An energy transition is underway in the Australian economy, consistent with global trends. As outlined in the June 2022 Parliamentary Library briefing book paper ‘Electricity sector: continuing modernisation’, major trends include the expected retirement of coal-fired electricity generation, its replacement with variable renewable energy, and increasing electricity demand from electrification. Reflecting this transition, the Treasurer has said, ‘Australia’s biggest opportunity for growth and prosperity is the global shift to clean energy’ (p. 8). In addition, the government has progressed its plan for reducing Australia’s greenhouse gas emissions, including via the legislated climate targets and Safeguard Mechanism reforms.

The 2023–24 Budget provides funding for measures that will broadly support further emissions reduction in the electricity grid, households and industry (Budget measures: budget paper no. 2: 2023–24) and build on the government’s approach in the October 2022–23 Budget. Major new measures discussed below include a ‘Capacity investment scheme, ‘Hydrogen headstart, ‘Household energy upgrades and establishing a ‘National net‑zero authority. The government has also finalised the design of its ‘Powering the Regions Fund’ measure, provided for in the October 2022–23 Budget (Budget measures: budget paper no. 2: October 2022–23, p. 71).

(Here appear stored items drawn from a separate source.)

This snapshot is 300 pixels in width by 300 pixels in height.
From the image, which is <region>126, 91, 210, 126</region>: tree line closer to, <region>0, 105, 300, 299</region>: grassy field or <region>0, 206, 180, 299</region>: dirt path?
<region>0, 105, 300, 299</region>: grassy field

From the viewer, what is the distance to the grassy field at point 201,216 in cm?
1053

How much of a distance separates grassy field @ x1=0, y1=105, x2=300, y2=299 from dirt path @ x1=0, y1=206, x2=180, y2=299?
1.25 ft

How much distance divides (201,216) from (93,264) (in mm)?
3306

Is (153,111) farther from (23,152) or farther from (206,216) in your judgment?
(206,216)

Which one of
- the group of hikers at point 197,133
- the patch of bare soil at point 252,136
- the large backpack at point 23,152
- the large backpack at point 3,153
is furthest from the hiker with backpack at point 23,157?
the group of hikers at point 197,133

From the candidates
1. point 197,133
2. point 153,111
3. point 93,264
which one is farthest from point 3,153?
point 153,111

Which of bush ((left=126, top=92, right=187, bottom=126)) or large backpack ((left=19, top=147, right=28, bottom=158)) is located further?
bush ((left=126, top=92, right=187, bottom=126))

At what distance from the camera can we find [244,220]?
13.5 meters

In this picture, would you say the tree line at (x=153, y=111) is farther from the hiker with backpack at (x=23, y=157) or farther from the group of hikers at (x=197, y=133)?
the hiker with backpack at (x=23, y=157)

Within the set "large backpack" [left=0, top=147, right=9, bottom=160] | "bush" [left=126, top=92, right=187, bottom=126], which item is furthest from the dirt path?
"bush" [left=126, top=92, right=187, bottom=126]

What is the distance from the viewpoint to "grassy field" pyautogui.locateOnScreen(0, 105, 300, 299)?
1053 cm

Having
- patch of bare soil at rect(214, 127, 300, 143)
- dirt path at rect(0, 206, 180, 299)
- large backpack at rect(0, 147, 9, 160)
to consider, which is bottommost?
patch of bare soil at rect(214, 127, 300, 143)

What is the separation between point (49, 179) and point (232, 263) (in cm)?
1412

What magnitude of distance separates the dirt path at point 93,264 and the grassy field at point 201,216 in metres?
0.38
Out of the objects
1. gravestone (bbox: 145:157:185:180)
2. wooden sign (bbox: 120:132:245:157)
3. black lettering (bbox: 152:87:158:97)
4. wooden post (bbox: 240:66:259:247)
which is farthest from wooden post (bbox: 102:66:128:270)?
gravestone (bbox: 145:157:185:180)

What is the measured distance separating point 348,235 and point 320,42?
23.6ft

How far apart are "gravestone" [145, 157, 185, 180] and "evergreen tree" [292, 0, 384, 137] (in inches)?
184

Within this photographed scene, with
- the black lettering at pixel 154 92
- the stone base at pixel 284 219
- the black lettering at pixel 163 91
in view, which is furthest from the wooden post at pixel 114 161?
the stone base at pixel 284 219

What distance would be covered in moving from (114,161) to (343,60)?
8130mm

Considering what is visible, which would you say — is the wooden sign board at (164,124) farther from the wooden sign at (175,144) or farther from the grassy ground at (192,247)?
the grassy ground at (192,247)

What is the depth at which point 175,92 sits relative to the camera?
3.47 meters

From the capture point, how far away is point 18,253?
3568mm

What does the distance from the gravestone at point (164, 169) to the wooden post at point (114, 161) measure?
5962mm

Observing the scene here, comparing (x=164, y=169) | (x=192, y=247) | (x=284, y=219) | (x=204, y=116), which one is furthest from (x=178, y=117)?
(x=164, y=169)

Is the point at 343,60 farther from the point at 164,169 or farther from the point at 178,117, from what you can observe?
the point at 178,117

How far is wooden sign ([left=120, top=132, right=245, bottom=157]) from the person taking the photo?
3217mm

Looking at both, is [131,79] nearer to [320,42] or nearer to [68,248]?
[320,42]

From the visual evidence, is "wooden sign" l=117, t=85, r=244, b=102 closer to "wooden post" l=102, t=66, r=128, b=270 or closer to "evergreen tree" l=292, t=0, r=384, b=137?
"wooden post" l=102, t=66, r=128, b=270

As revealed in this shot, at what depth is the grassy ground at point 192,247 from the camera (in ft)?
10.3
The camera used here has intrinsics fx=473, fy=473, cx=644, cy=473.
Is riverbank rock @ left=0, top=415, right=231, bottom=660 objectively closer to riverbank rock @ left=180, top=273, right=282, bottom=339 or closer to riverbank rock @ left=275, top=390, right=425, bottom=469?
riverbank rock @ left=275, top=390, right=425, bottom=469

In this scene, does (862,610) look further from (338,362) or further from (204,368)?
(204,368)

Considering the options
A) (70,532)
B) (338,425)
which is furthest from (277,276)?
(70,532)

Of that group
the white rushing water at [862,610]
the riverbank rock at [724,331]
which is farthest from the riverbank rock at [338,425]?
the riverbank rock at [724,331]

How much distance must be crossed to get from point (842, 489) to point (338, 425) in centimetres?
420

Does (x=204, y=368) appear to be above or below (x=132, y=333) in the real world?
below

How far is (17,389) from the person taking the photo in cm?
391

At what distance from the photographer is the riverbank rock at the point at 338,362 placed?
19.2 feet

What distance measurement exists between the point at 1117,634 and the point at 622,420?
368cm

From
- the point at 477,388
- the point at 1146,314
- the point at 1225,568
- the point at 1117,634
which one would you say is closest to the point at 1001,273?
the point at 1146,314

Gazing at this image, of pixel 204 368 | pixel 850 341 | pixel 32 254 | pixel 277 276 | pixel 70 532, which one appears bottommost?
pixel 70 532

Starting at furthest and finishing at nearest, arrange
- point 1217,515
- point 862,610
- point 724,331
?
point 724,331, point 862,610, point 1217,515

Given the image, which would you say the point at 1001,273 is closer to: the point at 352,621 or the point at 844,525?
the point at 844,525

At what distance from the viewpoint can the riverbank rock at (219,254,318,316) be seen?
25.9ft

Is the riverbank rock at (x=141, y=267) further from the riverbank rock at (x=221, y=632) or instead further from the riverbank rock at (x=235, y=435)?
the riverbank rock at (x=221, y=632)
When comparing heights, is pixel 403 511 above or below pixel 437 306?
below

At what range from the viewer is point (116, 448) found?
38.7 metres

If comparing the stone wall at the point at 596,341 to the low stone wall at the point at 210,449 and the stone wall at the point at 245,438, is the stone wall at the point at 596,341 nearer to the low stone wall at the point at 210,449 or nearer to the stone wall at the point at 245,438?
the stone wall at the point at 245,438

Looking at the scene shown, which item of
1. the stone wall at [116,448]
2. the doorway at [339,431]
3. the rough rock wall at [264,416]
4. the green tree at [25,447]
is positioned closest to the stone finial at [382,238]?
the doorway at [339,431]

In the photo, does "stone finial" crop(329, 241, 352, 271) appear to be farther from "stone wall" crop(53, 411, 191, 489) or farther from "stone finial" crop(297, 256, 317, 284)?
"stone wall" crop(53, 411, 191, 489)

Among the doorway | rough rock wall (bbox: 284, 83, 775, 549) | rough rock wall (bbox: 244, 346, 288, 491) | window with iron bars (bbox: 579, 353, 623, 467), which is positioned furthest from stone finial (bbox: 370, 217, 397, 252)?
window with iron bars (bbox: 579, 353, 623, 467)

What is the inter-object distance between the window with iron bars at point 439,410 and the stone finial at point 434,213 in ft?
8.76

Capacity Investment Scheme

The 2023–24 Budget ‘Capacity investment scheme’ measure is intended ‘to underwrite new investment in clean energy, accelerating the development of cheap, clean renewable generation and storage and ensuring the smooth transformation of Australia’s energy market’ (Budget paper no. 2, p. 66).

As modelled in the Australia Energy Market Operator’s (AEMO) 2022 Integrated System Plan Step Change scenario, 46 gigawatts (GW) of dispatchable storage will be required by 2050 to firm the electricity supply from renewable generators (p. 10). The urgency of ensuring the availability of firm capacity in the National Electricity Market has been brought into sharp focus, with Minister Bowen recently confirming further delays to the Snowy 2.0 pumped hydro energy storage project and other recently reported issues with its environmental management. AEMO has also recently acknowledged in its Draft 2023 transmission expansion options report that estimated lead times for planning and building transmission should be extended by several years (p. 33), reinforcing the case for a range of storage and firming mechanisms to be developed in the system.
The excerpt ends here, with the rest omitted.